**Goal of the exercise**
Word for word, write out all of the entries that follow.

**Source records**
'''
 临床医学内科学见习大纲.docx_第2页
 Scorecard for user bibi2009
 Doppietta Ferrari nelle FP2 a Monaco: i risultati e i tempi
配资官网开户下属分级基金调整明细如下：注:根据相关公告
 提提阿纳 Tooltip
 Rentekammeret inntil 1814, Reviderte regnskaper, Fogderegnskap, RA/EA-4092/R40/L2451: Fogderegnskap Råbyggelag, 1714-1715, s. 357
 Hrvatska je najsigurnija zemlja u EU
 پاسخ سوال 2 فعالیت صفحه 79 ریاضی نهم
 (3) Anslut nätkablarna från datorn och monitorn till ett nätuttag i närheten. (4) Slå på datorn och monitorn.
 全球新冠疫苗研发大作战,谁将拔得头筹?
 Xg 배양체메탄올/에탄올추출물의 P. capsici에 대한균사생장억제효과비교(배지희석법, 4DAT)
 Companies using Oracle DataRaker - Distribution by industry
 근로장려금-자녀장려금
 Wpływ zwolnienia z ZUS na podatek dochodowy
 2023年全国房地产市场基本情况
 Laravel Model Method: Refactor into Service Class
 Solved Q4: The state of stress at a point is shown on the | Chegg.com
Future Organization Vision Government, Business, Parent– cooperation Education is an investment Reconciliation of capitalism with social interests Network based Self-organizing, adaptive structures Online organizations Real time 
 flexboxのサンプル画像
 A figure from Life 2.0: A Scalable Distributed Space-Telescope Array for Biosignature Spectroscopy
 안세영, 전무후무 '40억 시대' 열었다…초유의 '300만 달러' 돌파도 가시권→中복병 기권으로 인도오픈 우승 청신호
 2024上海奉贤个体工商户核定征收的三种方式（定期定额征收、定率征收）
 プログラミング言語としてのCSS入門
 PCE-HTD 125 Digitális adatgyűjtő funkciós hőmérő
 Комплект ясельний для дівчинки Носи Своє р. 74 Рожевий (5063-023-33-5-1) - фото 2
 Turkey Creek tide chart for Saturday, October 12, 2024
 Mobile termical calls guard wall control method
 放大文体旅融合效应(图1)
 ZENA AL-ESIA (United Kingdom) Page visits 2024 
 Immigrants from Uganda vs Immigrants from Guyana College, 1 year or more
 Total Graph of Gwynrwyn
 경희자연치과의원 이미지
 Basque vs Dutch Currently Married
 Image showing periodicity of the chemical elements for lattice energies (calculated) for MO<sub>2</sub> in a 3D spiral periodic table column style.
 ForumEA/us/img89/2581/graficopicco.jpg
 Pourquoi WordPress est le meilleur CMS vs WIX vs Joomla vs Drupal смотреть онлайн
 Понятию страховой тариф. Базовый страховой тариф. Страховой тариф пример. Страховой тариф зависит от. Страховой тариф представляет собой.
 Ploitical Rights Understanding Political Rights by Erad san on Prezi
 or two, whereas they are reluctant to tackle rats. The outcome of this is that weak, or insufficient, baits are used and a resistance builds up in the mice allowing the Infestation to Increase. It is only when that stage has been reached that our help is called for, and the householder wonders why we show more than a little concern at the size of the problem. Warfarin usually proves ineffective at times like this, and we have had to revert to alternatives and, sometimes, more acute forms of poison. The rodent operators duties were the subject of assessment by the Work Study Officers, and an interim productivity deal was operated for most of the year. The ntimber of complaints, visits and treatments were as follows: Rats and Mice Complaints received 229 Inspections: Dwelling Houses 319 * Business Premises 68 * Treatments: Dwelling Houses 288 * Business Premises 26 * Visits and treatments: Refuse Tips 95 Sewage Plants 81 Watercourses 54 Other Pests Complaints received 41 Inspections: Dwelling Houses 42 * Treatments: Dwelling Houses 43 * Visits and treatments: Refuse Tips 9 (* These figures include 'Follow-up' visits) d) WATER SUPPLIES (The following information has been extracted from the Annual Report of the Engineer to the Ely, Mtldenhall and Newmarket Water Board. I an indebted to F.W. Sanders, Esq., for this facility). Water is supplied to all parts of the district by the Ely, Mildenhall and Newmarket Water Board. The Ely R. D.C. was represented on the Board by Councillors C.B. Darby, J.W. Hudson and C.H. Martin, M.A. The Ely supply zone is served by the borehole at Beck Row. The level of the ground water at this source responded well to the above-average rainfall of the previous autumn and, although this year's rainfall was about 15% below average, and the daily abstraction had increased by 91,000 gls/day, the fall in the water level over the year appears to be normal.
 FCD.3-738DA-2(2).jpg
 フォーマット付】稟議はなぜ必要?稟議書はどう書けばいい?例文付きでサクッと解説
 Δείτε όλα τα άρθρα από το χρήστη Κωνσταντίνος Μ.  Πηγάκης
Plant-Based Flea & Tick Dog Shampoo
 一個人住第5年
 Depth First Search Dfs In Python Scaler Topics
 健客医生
'''
**Solution to the exercise**
 临床医学内科学见习大纲.docx_第2页
 Scorecard for user bibi2009
 Doppietta Ferrari nelle FP2 a Monaco: i risultati e i tempi
配资官网开户下属分级基金调整明细如下：注:根据相关公告
 提提阿纳 Tooltip
 Rentekammeret inntil 1814, Reviderte regnskaper, Fogderegnskap, RA/EA-4092/R40/L2451: Fogderegnskap Råbyggelag, 1714-1715, s. 357
 Hrvatska je najsigurnija zemlja u EU
 پاسخ سوال 2 فعالیت صفحه 79 ریاضی نهم
 (3) Anslut nätkablarna från datorn och monitorn till ett nätuttag i närheten. (4) Slå på datorn och monitorn.
 全球新冠疫苗研发大作战,谁将拔得头筹?
 Xg 배양체메탄올/에탄올추출물의 P. capsici에 대한균사생장억제효과비교(배지희석법, 4DAT)
 Companies using Oracle DataRaker - Distribution by industry
 근로장려금-자녀장려금
 Wpływ zwolnienia z ZUS na podatek dochodowy
 2023年全国房地产市场基本情况
 Laravel Model Method: Refactor into Service Class
 Solved Q4: The state of stress at a point is shown on the | Chegg.com
Future Organization Vision Government, Business, Parent– cooperation Education is an investment Reconciliation of capitalism with social interests Network based Self-organizing, adaptive structures Online organizations Real time 
 flexboxのサンプル画像
 A figure from Life 2.0: A Scalable Distributed Space-Telescope Array for Biosignature Spectroscopy
 안세영, 전무후무 '40억 시대' 열었다…초유의 '300만 달러' 돌파도 가시권→中복병 기권으로 인도오픈 우승 청신호
 2024上海奉贤个体工商户核定征收的三种方式（定期定额征收、定率征收）
 プログラミング言語としてのCSS入門
 PCE-HTD 125 Digitális adatgyűjtő funkciós hőmérő
 Комплект ясельний для дівчинки Носи Своє р. 74 Рожевий (5063-023-33-5-1) - фото 2
 Turkey Creek tide chart for Saturday, October 12, 2024
 Mobile termical calls guard wall control method
 放大文体旅融合效应(图1)
 ZENA AL-ESIA (United Kingdom) Page visits 2024 
 Immigrants from Uganda vs Immigrants from Guyana College, 1 year or more
 Total Graph of Gwynrwyn
 경희자연치과의원 이미지
 Basque vs Dutch Currently Married
 Image showing periodicity of the chemical elements for lattice energies (calculated) for MO<sub>2</sub> in a 3D spiral periodic table column style.
 ForumEA/us/img89/2581/graficopicco.jpg
 Pourquoi WordPress est le meilleur CMS vs WIX vs Joomla vs Drupal смотреть онлайн
 Понятию страховой тариф. Базовый страховой тариф. Страховой тариф пример. Страховой тариф зависит от. Страховой тариф представляет собой.
 Ploitical Rights Understanding Political Rights by Erad san on Prezi
 or two, whereas they are reluctant to tackle rats. The outcome of this is that weak, or insufficient, baits are used and a resistance builds up in the mice allowing the Infestation to Increase. It is only when that stage has been reached that our help is called for, and the householder wonders why we show more than a little concern at the size of the problem. Warfarin usually proves ineffective at times like this, and we have had to revert to alternatives and, sometimes, more acute forms of poison. The rodent operators duties were the subject of assessment by the Work Study Officers, and an interim productivity deal was operated for most of the year. The ntimber of complaints, visits and treatments were as follows: Rats and Mice Complaints received 229 Inspections: Dwelling Houses 319 * Business Premises 68 * Treatments: Dwelling Houses 288 * Business Premises 26 * Visits and treatments: Refuse Tips 95 Sewage Plants 81 Watercourses 54 Other Pests Complaints received 41 Inspections: Dwelling Houses 42 * Treatments: Dwelling Houses 43 * Visits and treatments: Refuse Tips 9 (* These figures include 'Follow-up' visits) d) WATER SUPPLIES (The following information has been extracted from the Annual Report of the Engineer to the Ely, Mtldenhall and Newmarket Water Board. I an indebted to F.W. Sanders, Esq., for this facility). Water is supplied to all parts of the district by the Ely, Mildenhall and Newmarket Water Board. The Ely R. D.C. was represented on the Board by Councillors C.B. Darby, J.W. Hudson and C.H. Martin, M.A. The Ely supply zone is served by the borehole at Beck Row. The level of the ground water at this source responded well to the above-average rainfall of the previous autumn and, although this year's rainfall was about 15% below average, and the daily abstraction had increased by 91,000 gls/day, the fall in the water level over the year appears to be normal.
 FCD.3-738DA-2(2).jpg
 フォーマット付】稟議はなぜ必要?稟議書はどう書けばいい?例文付きでサクッと解説
 Δείτε όλα τα άρθρα από το χρήστη Κωνσταντίνος Μ.  Πηγάκης
Plant-Based Flea & Tick Dog Shampoo
 一個人住第5年
 Depth First Search Dfs In Python Scaler Topics
 健客医生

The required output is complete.